J'étais en colère. La peur empêchait cette femme de protéger correctement son fils. Un fils passif, trop sans doute, habitué qu'il devait être à la situation, au point qu'il n'essayait même pas de sauver sa peau. Un fils qui ne me quittait pas des yeux et son regard intense me troublait au-delà des mots. Loan. Il s'appelait Loan. C'était doux, c'était mon évidence. Si vite ? Trop vite. Je m'efforçai de me concentrer uniquement sur le problème.

- Déshabille-toi, ordonnai-je d'une voix rauque. Je veux dire, enlève le haut, précisai-je.

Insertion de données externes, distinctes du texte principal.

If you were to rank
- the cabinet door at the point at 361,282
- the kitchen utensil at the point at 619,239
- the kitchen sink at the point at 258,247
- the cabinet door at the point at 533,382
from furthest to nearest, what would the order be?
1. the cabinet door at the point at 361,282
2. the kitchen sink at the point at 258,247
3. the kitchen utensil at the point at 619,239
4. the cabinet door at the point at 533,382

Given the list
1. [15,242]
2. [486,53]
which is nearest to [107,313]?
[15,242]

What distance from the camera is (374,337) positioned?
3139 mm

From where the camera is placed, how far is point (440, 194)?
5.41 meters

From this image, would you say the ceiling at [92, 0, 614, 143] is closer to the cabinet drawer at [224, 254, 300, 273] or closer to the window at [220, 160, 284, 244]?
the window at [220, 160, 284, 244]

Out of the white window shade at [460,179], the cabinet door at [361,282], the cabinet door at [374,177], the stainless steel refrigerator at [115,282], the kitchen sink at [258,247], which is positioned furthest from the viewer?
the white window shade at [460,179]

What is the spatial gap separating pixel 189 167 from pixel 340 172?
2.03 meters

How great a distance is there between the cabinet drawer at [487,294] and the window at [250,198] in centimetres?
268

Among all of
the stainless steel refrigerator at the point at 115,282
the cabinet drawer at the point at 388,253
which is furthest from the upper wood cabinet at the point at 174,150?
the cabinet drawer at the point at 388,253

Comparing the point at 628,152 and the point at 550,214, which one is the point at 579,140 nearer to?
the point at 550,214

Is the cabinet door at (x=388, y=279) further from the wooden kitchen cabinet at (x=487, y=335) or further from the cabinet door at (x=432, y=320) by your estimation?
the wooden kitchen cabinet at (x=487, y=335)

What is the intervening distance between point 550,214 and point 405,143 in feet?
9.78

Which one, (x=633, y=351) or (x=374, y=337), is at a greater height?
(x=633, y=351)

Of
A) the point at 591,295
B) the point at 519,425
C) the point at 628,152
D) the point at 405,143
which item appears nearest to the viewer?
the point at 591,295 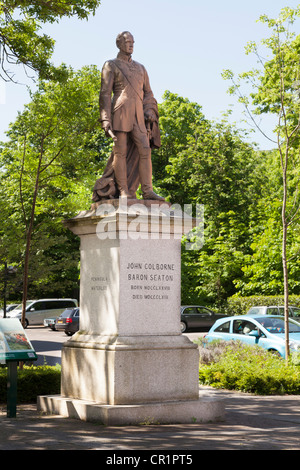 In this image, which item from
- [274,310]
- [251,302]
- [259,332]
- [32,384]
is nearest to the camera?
[32,384]

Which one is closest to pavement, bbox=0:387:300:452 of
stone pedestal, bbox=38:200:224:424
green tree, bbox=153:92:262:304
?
stone pedestal, bbox=38:200:224:424

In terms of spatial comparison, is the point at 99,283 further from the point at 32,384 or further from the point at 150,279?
the point at 32,384

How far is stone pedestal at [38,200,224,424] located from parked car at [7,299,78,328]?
122 ft

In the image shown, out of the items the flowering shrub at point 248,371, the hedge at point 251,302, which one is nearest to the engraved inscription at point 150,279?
the flowering shrub at point 248,371

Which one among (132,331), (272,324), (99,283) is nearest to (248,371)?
(132,331)

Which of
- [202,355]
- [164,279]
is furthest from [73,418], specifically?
[202,355]

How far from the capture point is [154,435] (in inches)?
303

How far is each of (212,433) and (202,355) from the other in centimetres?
804

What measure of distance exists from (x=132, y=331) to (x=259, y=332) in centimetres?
915

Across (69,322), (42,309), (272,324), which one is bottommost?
(69,322)

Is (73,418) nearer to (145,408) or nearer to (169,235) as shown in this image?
(145,408)

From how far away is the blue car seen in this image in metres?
16.8

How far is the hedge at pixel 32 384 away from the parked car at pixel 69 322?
24.7 m

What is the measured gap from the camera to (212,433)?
7.96 m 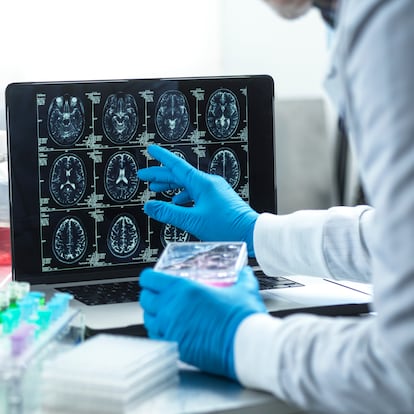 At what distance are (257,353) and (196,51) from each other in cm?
196

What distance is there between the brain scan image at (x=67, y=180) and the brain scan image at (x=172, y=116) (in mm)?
166

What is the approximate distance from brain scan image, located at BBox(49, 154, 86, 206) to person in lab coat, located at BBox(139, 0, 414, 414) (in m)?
0.45

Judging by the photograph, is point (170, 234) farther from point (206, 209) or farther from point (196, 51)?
point (196, 51)

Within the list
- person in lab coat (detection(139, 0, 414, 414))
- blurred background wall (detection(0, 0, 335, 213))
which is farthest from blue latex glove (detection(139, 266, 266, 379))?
blurred background wall (detection(0, 0, 335, 213))

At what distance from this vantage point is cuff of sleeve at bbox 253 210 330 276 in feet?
5.18

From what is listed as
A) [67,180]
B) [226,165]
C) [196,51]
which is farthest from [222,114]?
[196,51]

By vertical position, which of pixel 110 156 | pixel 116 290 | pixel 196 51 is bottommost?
pixel 116 290

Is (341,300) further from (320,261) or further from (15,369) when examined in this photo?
(15,369)

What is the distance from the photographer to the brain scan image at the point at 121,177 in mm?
1688

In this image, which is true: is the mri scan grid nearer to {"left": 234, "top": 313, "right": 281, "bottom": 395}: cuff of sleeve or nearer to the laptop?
the laptop

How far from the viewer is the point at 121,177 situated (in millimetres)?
1697

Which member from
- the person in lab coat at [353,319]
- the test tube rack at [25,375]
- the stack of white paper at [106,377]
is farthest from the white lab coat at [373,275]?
the test tube rack at [25,375]

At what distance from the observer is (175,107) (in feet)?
5.65

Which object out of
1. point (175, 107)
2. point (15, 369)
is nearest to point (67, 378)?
point (15, 369)
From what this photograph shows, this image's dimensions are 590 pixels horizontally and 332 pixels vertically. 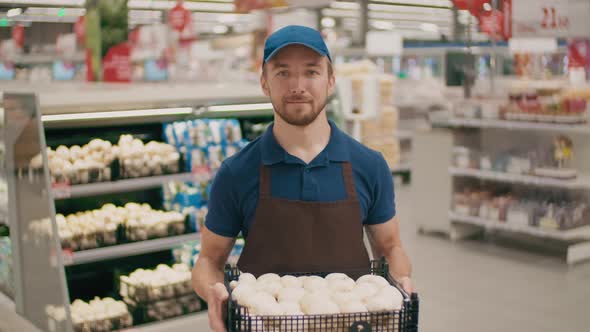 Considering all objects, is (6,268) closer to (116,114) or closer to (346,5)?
(116,114)

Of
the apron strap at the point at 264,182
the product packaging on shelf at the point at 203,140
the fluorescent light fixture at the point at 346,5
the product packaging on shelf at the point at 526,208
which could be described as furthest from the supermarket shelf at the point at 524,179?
the fluorescent light fixture at the point at 346,5

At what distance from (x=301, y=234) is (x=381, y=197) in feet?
0.92

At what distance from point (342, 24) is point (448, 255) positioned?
31.0 metres

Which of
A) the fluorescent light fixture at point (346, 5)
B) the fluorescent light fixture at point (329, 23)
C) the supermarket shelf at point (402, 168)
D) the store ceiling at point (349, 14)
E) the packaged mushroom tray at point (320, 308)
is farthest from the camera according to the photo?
the fluorescent light fixture at point (329, 23)

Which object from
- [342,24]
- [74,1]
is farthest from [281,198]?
[342,24]

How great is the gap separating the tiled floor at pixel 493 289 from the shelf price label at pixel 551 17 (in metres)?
2.37

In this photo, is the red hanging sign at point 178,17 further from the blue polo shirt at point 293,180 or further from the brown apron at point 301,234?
the brown apron at point 301,234

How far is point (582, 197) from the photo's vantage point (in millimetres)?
7078

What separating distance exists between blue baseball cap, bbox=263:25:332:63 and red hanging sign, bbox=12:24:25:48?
1134 cm

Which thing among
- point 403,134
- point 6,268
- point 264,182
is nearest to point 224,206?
point 264,182

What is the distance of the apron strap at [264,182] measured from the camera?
190cm

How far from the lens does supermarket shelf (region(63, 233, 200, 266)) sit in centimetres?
393

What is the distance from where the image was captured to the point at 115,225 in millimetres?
4195

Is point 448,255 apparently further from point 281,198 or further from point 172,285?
point 281,198
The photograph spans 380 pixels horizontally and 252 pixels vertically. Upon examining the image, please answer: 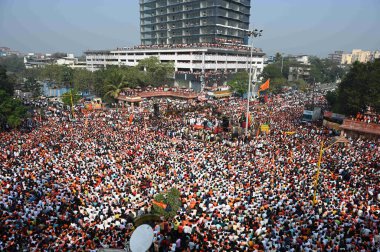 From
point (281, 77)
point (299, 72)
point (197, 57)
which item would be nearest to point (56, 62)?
point (197, 57)

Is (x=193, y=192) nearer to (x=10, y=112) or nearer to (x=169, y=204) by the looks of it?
(x=169, y=204)

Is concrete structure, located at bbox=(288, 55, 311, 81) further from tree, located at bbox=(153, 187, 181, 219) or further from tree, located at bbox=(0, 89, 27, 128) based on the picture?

Loan obéit et grimaça au moment de faire passer son t-shirt par-dessus sa tête. Je sursautai. Son corps portait de nombreuses traces, plus ou moins anciennes, selon leur aspect, leur couleur. Sa peau était dévastée. Bon sang, même Niallan ne me maltraitait pas comme ça, loin de là ! Nouveau coup d'œil de ma part à Gaelle Lezurec qui rougit. Loan, lui, me contemplait toujours.

- Où... Où as-tu mal ? m'enquis-je, après avoir dégluti, et en essayant d'ignorer la finesse et l'élégance de son torse.

- Dans les côtes, là... et là, précisa-t-il en me montrant des ecchymoses sur ses hanches.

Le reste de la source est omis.